**Try it**
Print, please, exactly the lines from the one with "ゲーミングモニター 24インチ フルHD" through the final line of the data below, with both ends included and the pictures left out.

**Short descriptive text snippets**
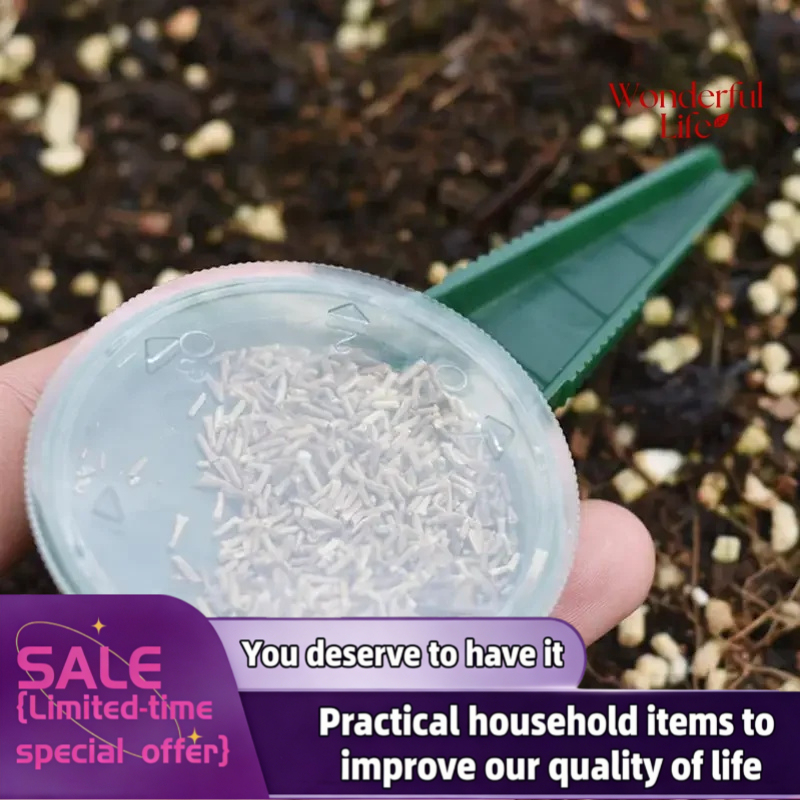 1Pcs Multifunction Seed Sower  - Plant Parents 评论和价格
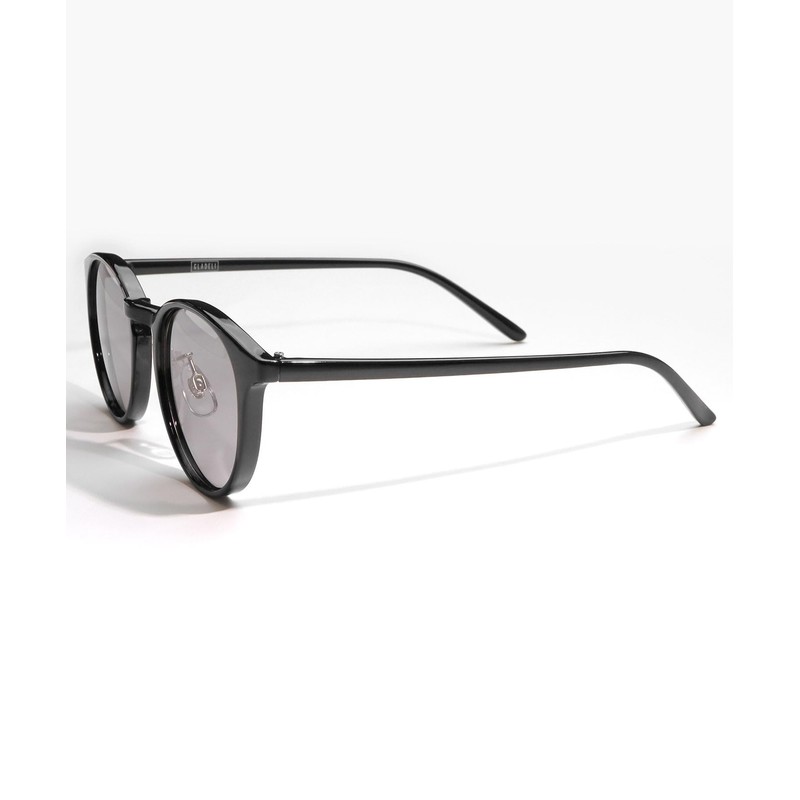 Boston Sunglasses SBG, light smoke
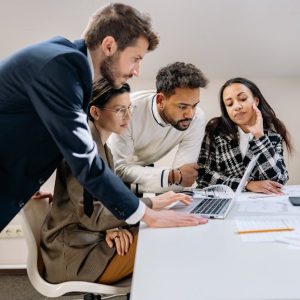 Developing Legal Translation Skills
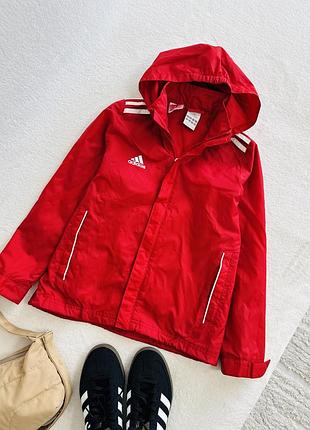 Ввтрівка adidas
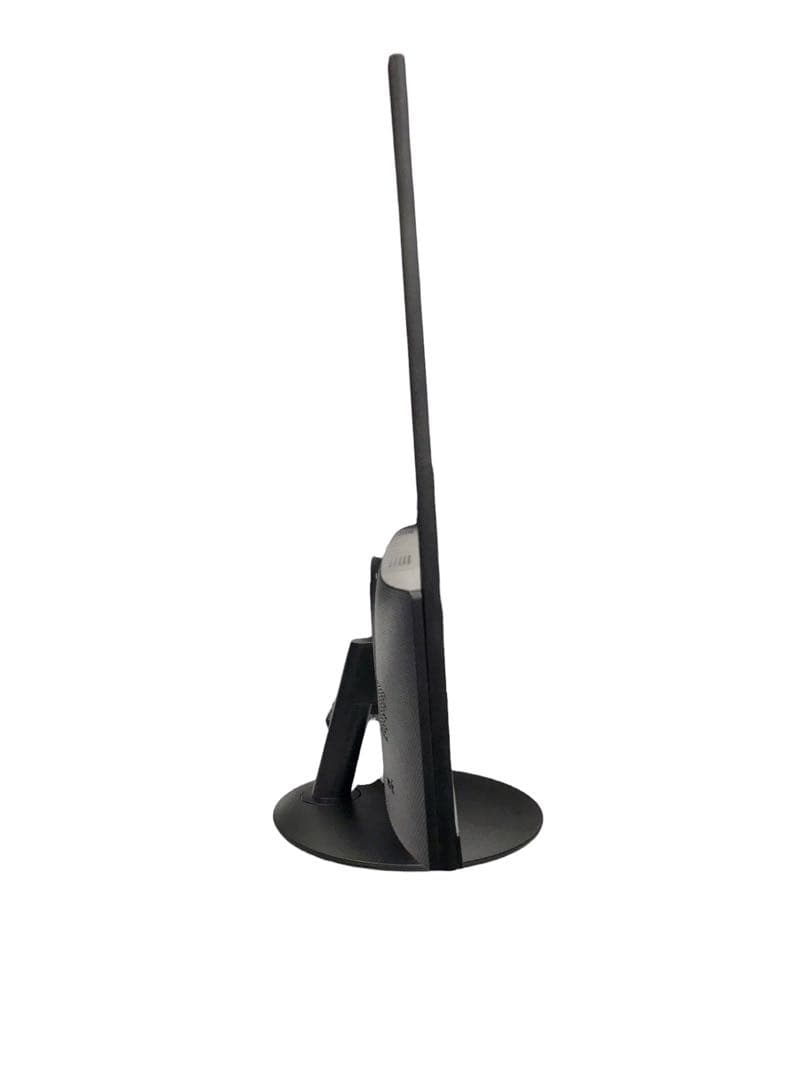 【開封済・未使用】feuvision ゲーミングモニター 24インチ フルHD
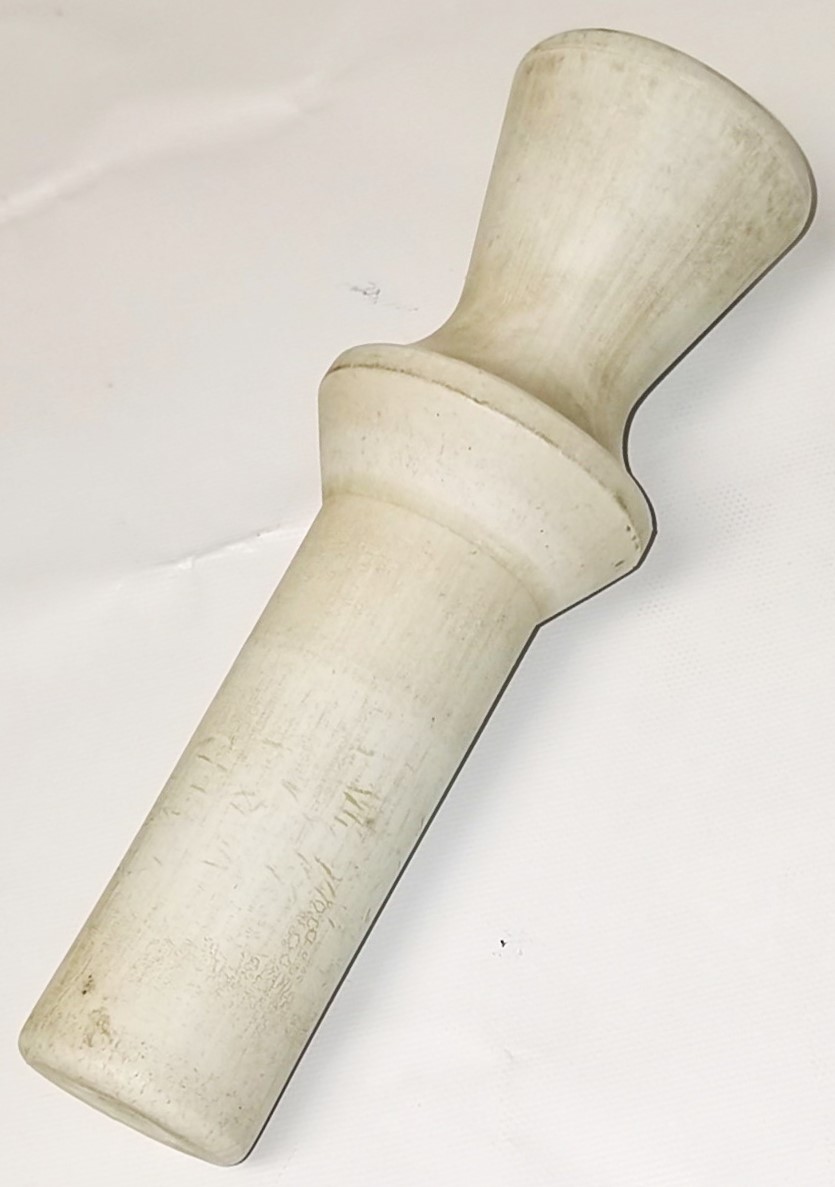 Used Foss Tecator Cyclotec 1093 Sample Mill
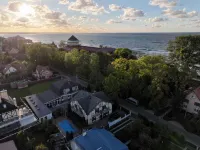 Villa Lana Mini-Hotel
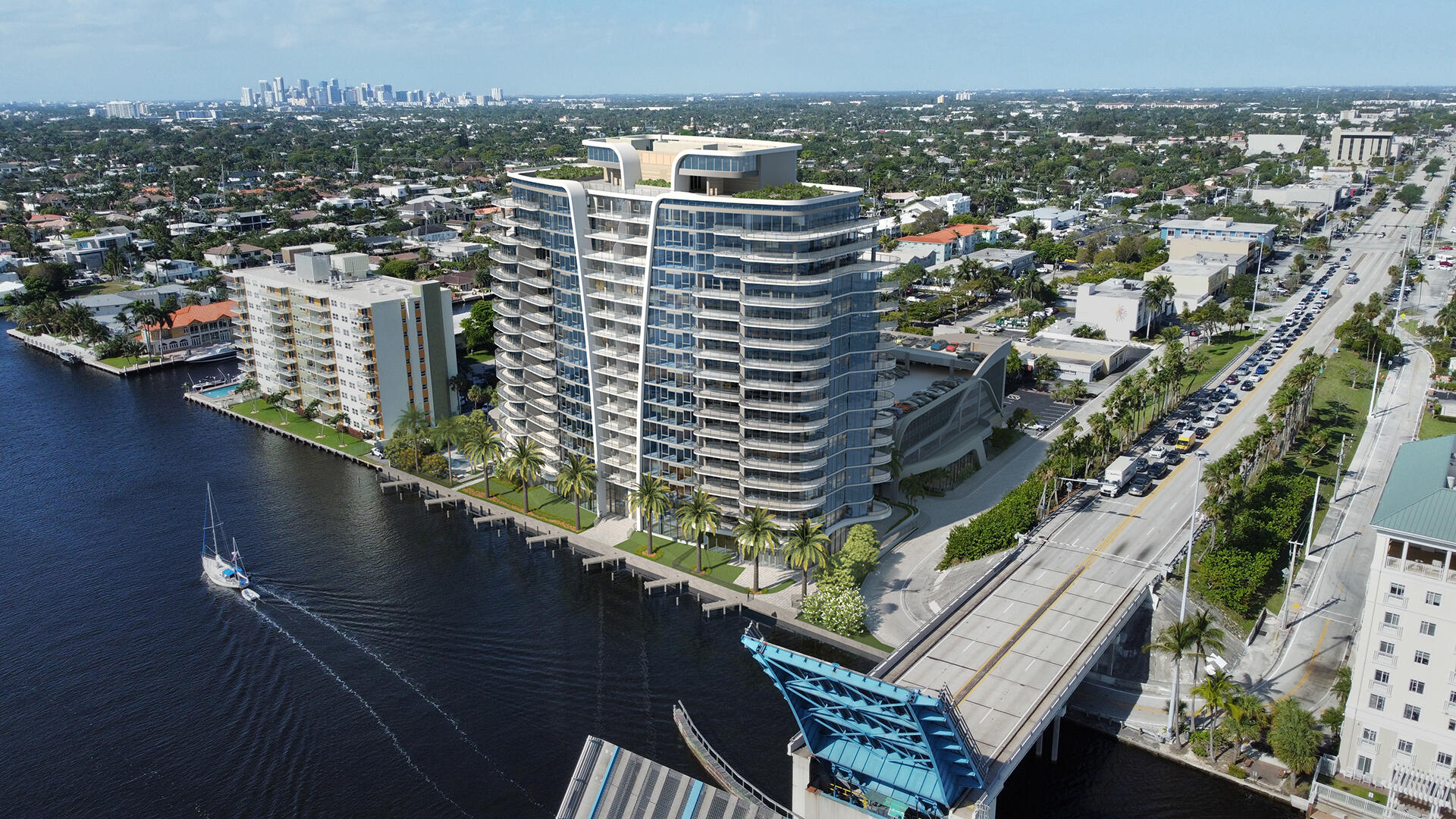 3000 E Oakland Park Boulevard 1503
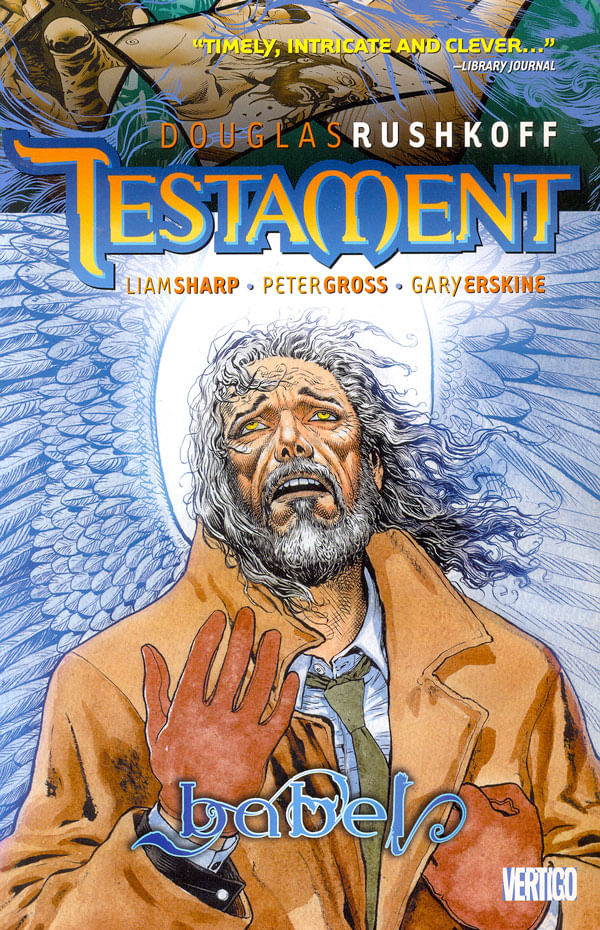 Testament---Volume---3---Babel
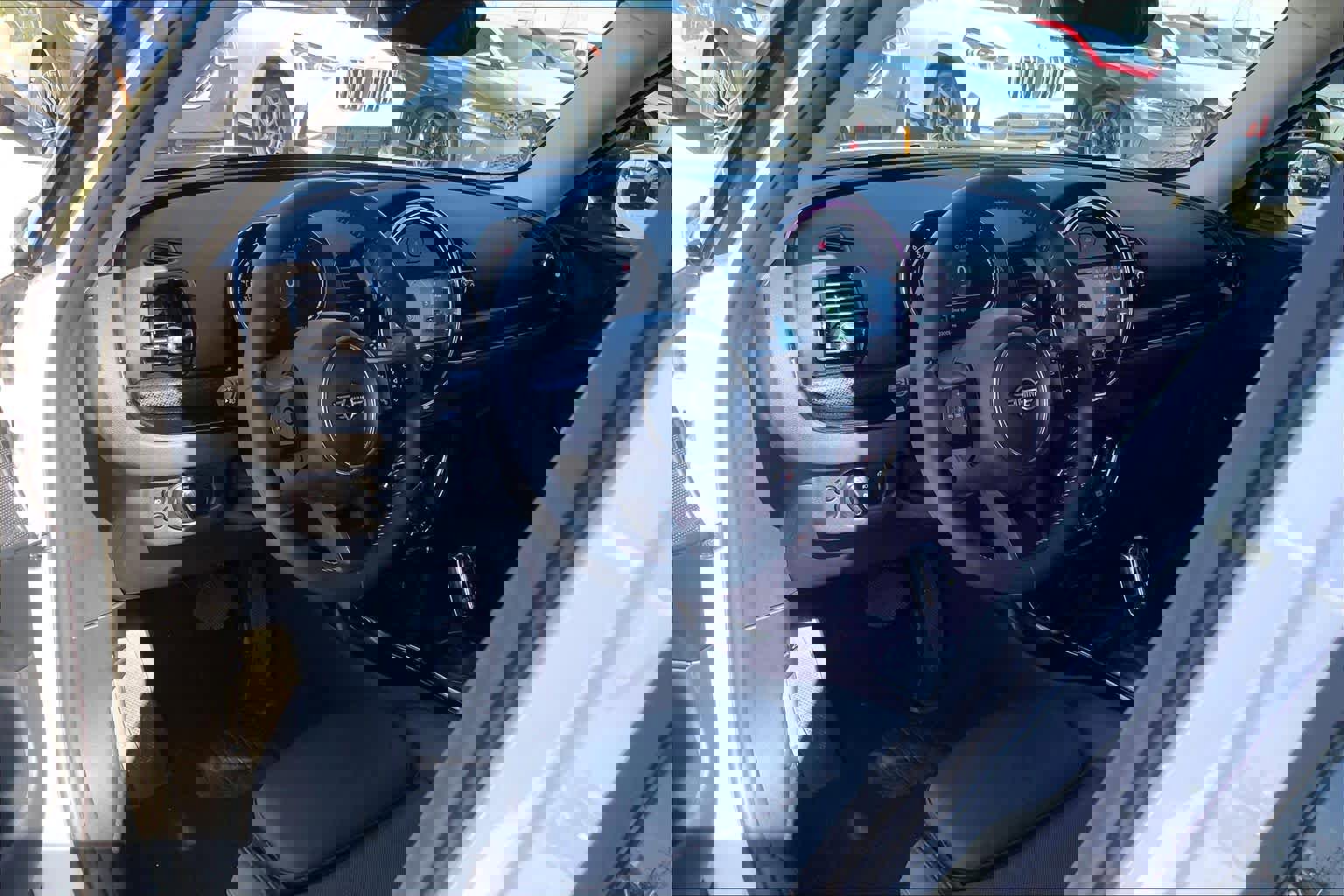 Used 2023 MINI Cooper Clubman S image 17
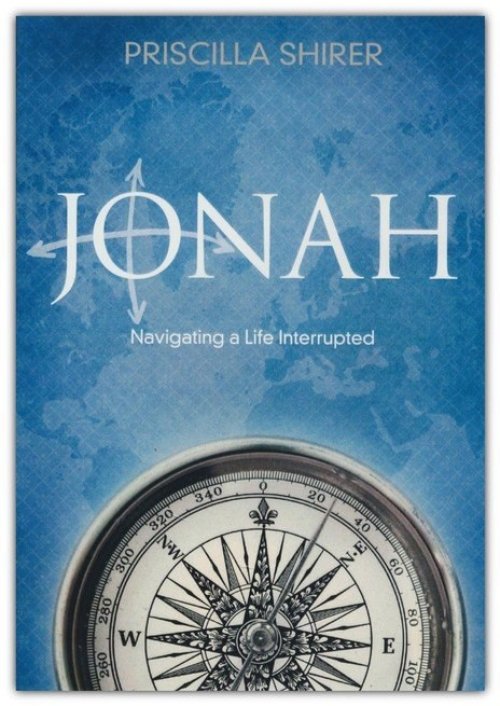 Jonah - DVD Set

**Result of this exercise**
 【開封済・未使用】feuvision ゲーミングモニター 24インチ フルHD
 Used Foss Tecator Cyclotec 1093 Sample Mill
 Villa Lana Mini-Hotel
 3000 E Oakland Park Boulevard 1503
 Testament---Volume---3---Babel
 Used 2023 MINI Cooper Clubman S image 17
 Jonah - DVD Set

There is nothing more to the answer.